Prior to differential expression analysis, the distribution of proteomic intensity values was evaluated using the Shapiro–Wilk normality test. As several datasets deviated from normal distribution, statistical comparisons between groups were performed using the non-parametric Mann–Whitney U test. This approach was also considered appropriate given the limited number of biological replicates used for proteomic analysis (n = 3 per group). Proteomics data were first normalized to correct for systematic variation, filtered to retain only features detected in at least 50% of all samples, and subjected to random median imputation to address missing values, ensuring high-quality input for downstream analysis. Differential protein expression was assessed through pairwise comparisons among the four experimental groups (control, MHFD, Reb T1, and Reb T2) using the non-parametric Mann–Whitney (Wilcoxon rank-sum) test, chosen for its robustness and minimal assumptions regarding data distribution, which is well-suited for proteomic datasets.
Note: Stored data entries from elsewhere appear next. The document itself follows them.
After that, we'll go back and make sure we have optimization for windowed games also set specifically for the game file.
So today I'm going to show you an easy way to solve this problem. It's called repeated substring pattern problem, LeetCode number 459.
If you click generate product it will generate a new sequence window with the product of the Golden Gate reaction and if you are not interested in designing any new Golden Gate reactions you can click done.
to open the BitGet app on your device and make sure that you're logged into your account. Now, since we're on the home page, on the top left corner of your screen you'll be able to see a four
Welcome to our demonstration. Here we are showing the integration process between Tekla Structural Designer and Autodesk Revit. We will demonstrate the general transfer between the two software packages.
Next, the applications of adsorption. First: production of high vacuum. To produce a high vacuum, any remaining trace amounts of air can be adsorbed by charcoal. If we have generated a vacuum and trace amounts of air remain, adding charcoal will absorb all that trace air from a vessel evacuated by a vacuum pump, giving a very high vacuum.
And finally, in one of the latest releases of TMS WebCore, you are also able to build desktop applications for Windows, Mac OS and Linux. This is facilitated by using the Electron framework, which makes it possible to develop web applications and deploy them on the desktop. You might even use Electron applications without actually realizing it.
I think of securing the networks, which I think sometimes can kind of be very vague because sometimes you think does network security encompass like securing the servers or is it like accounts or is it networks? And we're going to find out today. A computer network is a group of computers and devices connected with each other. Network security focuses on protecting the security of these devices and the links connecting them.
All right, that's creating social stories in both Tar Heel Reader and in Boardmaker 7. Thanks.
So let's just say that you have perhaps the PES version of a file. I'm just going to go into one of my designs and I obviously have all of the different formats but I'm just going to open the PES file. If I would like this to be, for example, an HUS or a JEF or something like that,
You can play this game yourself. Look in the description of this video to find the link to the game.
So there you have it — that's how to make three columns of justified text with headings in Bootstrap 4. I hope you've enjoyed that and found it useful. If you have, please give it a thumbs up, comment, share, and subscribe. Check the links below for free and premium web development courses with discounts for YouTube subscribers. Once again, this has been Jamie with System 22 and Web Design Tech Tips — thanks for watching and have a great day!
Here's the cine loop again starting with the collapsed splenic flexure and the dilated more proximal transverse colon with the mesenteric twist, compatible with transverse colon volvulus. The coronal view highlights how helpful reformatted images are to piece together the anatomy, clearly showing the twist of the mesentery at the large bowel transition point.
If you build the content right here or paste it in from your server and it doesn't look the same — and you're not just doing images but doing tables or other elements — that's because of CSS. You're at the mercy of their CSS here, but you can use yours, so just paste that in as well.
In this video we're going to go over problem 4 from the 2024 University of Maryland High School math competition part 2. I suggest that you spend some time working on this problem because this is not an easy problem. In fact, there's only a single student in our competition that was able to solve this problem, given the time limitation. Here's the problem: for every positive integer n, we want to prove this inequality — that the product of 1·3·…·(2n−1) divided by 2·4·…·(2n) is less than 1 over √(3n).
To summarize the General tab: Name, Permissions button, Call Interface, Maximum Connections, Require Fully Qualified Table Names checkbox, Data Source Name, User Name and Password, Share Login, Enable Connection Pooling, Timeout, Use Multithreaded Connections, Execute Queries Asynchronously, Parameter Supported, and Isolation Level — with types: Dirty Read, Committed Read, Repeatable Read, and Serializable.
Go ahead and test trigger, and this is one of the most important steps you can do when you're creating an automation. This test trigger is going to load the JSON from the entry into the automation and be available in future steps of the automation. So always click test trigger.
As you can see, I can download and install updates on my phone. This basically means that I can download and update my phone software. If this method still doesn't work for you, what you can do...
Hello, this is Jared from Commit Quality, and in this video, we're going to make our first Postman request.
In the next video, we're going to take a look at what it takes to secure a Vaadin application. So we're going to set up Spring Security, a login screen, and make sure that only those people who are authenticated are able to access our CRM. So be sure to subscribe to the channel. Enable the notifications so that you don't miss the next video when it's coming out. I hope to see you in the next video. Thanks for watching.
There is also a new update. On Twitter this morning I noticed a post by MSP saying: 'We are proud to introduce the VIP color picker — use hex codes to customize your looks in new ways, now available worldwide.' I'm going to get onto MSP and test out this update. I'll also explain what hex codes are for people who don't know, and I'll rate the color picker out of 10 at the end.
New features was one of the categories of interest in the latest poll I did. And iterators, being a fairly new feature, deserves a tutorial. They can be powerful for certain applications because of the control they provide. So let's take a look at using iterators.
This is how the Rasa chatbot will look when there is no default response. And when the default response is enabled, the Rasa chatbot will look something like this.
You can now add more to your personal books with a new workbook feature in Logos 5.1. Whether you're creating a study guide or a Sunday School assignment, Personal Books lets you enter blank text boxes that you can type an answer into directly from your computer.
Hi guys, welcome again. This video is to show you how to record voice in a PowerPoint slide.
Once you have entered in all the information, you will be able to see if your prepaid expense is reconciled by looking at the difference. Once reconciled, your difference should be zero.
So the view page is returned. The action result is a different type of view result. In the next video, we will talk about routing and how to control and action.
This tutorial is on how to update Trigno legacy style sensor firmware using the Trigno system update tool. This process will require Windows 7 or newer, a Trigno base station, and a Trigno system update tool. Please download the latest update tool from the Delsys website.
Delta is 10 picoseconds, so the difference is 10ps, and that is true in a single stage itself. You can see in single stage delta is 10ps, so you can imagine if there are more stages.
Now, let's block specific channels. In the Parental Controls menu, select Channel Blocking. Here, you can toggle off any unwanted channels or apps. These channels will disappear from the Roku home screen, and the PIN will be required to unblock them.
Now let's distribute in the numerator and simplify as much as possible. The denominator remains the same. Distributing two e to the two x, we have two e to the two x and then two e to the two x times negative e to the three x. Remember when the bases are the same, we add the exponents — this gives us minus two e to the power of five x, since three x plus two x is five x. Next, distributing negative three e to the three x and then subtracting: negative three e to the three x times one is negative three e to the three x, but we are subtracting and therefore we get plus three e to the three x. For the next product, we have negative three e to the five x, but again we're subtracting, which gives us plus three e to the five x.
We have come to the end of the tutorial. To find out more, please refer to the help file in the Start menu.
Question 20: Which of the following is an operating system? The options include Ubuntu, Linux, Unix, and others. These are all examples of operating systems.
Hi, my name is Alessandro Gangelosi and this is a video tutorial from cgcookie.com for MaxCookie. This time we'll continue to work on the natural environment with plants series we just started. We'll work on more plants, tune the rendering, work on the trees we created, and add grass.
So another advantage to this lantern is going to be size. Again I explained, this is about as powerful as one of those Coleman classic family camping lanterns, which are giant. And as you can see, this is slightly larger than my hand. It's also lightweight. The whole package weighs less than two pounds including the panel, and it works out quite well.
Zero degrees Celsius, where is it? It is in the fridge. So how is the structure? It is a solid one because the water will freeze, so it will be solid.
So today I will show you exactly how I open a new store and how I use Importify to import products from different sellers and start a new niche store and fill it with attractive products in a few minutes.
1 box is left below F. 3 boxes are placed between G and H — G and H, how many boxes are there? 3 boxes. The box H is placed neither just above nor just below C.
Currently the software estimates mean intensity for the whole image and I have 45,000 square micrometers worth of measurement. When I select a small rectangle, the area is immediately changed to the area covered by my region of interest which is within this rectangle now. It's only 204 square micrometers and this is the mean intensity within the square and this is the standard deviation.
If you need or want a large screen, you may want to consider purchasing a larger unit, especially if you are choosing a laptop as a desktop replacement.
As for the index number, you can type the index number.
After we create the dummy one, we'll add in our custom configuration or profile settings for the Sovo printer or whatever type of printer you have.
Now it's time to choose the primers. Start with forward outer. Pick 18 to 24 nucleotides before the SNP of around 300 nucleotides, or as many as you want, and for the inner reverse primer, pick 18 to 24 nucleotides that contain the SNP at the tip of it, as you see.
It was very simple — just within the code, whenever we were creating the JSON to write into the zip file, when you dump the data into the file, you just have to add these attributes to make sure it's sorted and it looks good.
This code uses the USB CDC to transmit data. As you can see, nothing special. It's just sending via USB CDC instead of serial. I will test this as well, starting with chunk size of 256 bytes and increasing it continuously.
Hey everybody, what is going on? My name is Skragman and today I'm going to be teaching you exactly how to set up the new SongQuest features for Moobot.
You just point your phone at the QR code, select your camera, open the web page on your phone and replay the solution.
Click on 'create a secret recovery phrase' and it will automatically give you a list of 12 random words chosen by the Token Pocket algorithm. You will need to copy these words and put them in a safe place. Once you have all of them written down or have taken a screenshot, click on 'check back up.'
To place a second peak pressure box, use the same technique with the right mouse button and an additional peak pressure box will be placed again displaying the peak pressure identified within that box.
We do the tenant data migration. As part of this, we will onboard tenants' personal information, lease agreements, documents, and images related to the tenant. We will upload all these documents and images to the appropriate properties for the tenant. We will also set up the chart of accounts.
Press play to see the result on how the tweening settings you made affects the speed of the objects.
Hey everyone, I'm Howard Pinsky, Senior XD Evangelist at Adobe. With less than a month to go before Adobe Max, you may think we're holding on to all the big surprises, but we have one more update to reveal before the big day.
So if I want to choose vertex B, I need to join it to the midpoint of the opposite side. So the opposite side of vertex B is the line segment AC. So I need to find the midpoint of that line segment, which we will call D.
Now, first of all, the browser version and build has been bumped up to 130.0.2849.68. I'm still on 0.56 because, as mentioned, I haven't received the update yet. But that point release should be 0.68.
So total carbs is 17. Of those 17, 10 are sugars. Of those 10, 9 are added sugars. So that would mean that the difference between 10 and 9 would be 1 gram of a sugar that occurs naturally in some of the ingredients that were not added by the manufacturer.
Proteins were classified as significantly differentially expressed if they satisfied both statistical significance (two-sided p ≤ 0.05) and biological relevance (|log₂ fold change| ≥ 1) thresholds. Results were visualized using volcano plots, which simultaneously display both fold-change magnitude and statistical confidence, enabling rapid identification of key proteins associated with MHFD-induced pathology and Rebamipide treatment response. Histological morphometric data were analyzed statistically for the percentage of activated Ito cells using GraphPad Prism version 8.0.0(GraphPad Software, San Diego, CA, USA). Data were analyzed using two-way analysis of variance (ANOVA) to evaluate differences among the studied groups, followed by Tukey’s post hoc multiple comparison test when a significant overall effect was detected. Results are presented as mean ± standard error of the mean (SEM). Differences were considered statistically significant at p < 0.05 and highly significant (**) at p < 0.01.

5. Conclusions

This study provides comprehensive mechanistic insight into the hepatoprotective potential of Rebamipide in MASLD, using an integrative approach that combined high-resolution proteomics, functional enrichment, network analysis, and histological validation. Our findings reveal that Rebamipide acts through a dual protective and therapeutic mechanism: prophylactic administration prevents metabolic derangements by rapidly engaging detoxification and stress-response pathways, while therapeutic intervention restores lipid trafficking, mitochondrial function, and lipoprotein assembly, thereby reversing advanced hepatic steatosis and structural injury. The identification of nine consistently dysregulated proteins and three core regulatory genes (Mttp, Cyp2c6, and Hspa9) highlights central molecular nodes of MASLD progression and underscores Rebamipide’s ability to reprogram lipid metabolism, enhance antioxidant defense, and modulate inflammatory signaling. These discoveries not only clarify Rebamipide’s multifaceted mechanism of action but also provide candidate biomarkers for disease monitoring and pharmacological response evaluation. By integrating molecular profiling with histopathological evidence, this work positions Rebamipide as a promising repurposable drug for metabolic liver diseases. Future studies should validate these proteomic signatures in human cohorts, examine their role in gut–liver axis regulation, explore synergy with emerging MASLD therapies, and include female models to address post-menopausal MASH relevance. Overall, this study advances our understanding of MASLD pathogenesis, establishes a molecular framework for precision therapeutic development, and paves the way for translating Rebamipide into a clinically relevant strategy for preventing and reversing diet-induced metabolic liver injury.